Dragonlance: Fifth Age was published in a boxed set, which contained three books, a deck of cards, a map of Krynn, a two-panel quick reference card, and eighteen character cards. The books were The Book of the Fifth Age, Dusk or Dawn, and Heroes of the New Age. The Fate deck was made up of eighty two cards in nine suits, with eight suits consisting of nine cards and the last one having ten.

===Setting===
This set takes place 30 years following the second Cataclysm of Krynn, with the old gods having abandoned Krynn after the destruction caused by Chaos. The game is based in the era known as the Fifth Age of Krynn, or the Age of Mortals. Dragon Overlords have taken over most of Ansalon, and killed the other dragons to take their lifeforce. Although the Dragon Lords remain in Ansalon, humans are now the dominant force. The old magic of the world is now gone, and creatures including the good dragons, silvanesti elves, and kender live in fear. The world is in chaos, as rival factions seek power while the Dragons desperately try to regain their control.

===Adventure===
The 48-page "Heroes of a New Age" booklet contains a sample adventure scenario intended for beginning heroes, who must defend against an attack by a green dragon, and explore their way through dwarven caverns to recover a valuable stolen gem.

===Development===
Dragonlance: Fifth Age was developed because TSR was looking to sell a non-Dungeons & Dragons type game.
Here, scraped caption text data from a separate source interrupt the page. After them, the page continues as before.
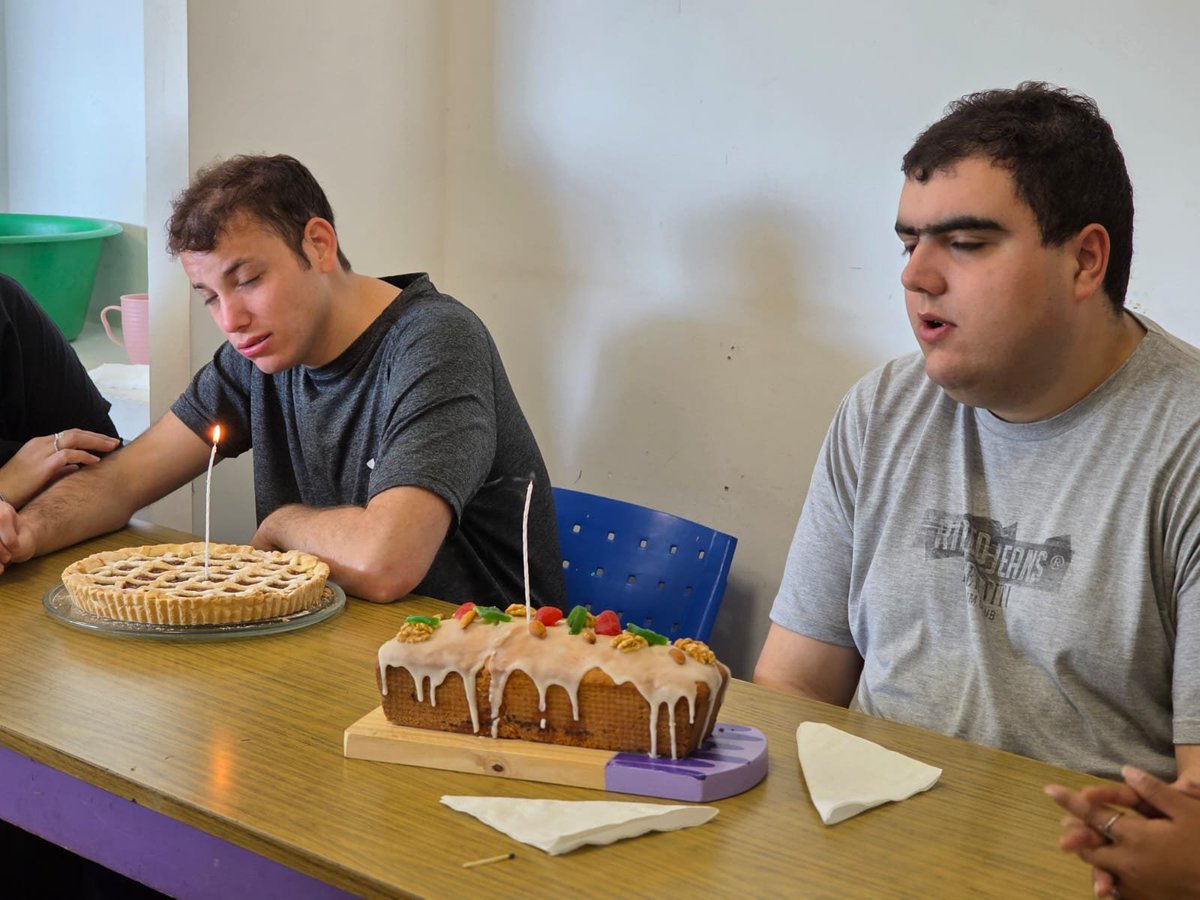 Val_Fabian's tweet photo. Gracias por el día compartido, #Apadea💜.

Trasplantamos y sembramos en el invernadero de la institución junto a los chicos y profes.🌱🪴
Además, acompañamos los festejos de cumple de Migue y Estanli.🎂🎉

Mucho trabajo, emoción, sonrisas y festejo compartido.
Cada encuentro nos vuelve a confirmar que una huerta🌱 es mucho más que sembrar y cosechar. Es inclusión, aprendizaje, participación y comunidad.🌿🤝

Desde #HuertasDeLaCiudad🍅🥦🌸 seguimos acompañando, aprendiendo y compartiendo momentos que nos llenan el corazón.❤️
Gracias a los chicos, profes y a toda la familia de #Apadea por recibirnos siempre con tanto cariño y tantos abrazos. 🤗💜

¡Felices de seguir sembrando juntos! 🌱✨
@municipiobahia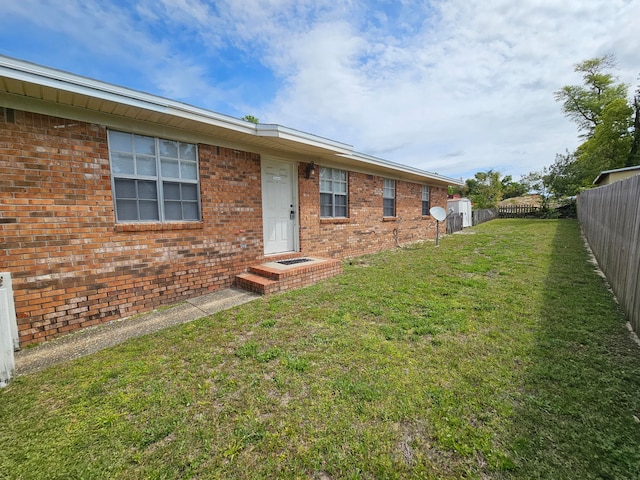 view of front of property featuring a front lawn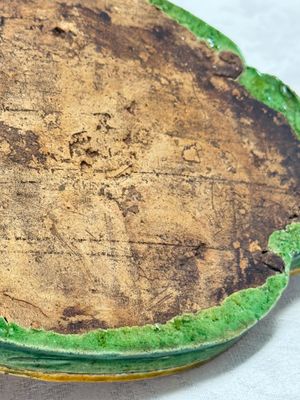 A pair of Chinese sancai-glazed stoneware quadrilobed trays with fruiting branches — photo 5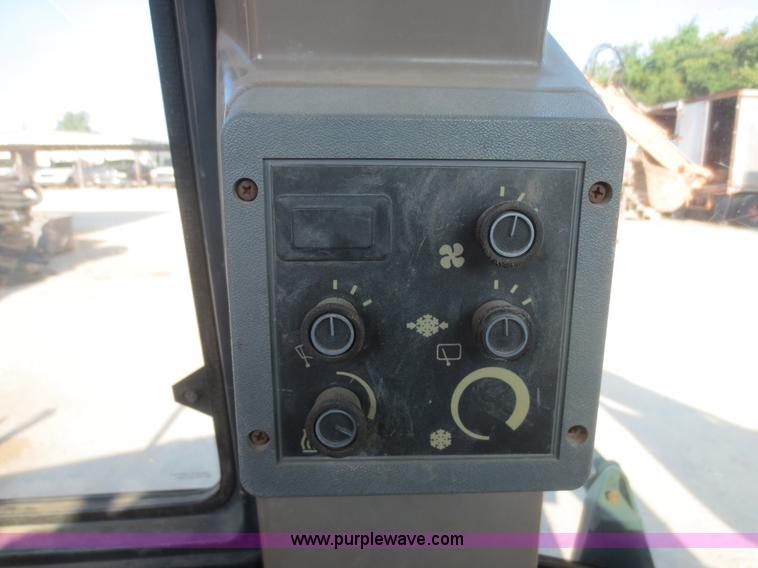 image for item F8295 1999 Case 580L Series 2 backhoe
Sue Weinlein Cook liked the idea of a more story based game.

==Publication history==
Dragonlance: Fifth Age was published as a boxed set and released in 1996. Dragonlance: Fifth Age was written by William W. Connors and Sue Weinlein Cook. The set included three booklets (128 pages, 96 pages, and 48 pages), a deck of 82 Fate Cards, 18 character sheets depicting characters from the novels, and a map of Ansalon where the game takes place.

Dragonlance: Fifth Age was in planning before Dragons of Summer Flame was out.

Heroes of Steel is the first boxed expansion for the Dragonlance: Fifth Age campaign world.

==Reception==
Paul Pettengale reviewed Dragonlance: Fifth Age for Arcane magazine, rating it an 8 out of 10 overall. He commented that "Dragonlance comes of age with the release of a game dedicated entirely to this heroic gameworld. And it's nothing like AD&D." He compares the Saga Rules System to AD&D: "Where AD&D is complex, verbose, highly detailed and rule-bound, the diceless Dragonlance system is flexible, quick and stresses the importance of playing heroic roles in the world of Kyrnn rather than replicating a quasi-reality and trouncing anything which is uglier than you are." He felt that using cards instead of dice "cuts out the randomness of dice throws, enabling the player to keep the high-point cards in his hand ready for when he really needs them." He explained that the changes in the setting make for "a turbulent, often bitter campaign world, but one in which the strong prevail" and noted that it is the players "who have enjoyed the novels who are most likely to revel in this game". He surmised that, despite the openness of things such as the spell system imply that an experienced referee is recommended to run this game, it is "a system that can be easily adapted by anyone - it gives you the freedom to get out of it exactly what you want, rather than pinning you down to a certain style of play". He concluded by saying: "Fifth Age is an able system, which stresses dynamic play, cuts out the randomness of dice throws, and which is set in a colourful campaign setting (with bags of novel-based background to draw on). It won't be to everyone's tastes, but I for one thought it was fun, fast and replicated the feel of what Dragonlance is all about."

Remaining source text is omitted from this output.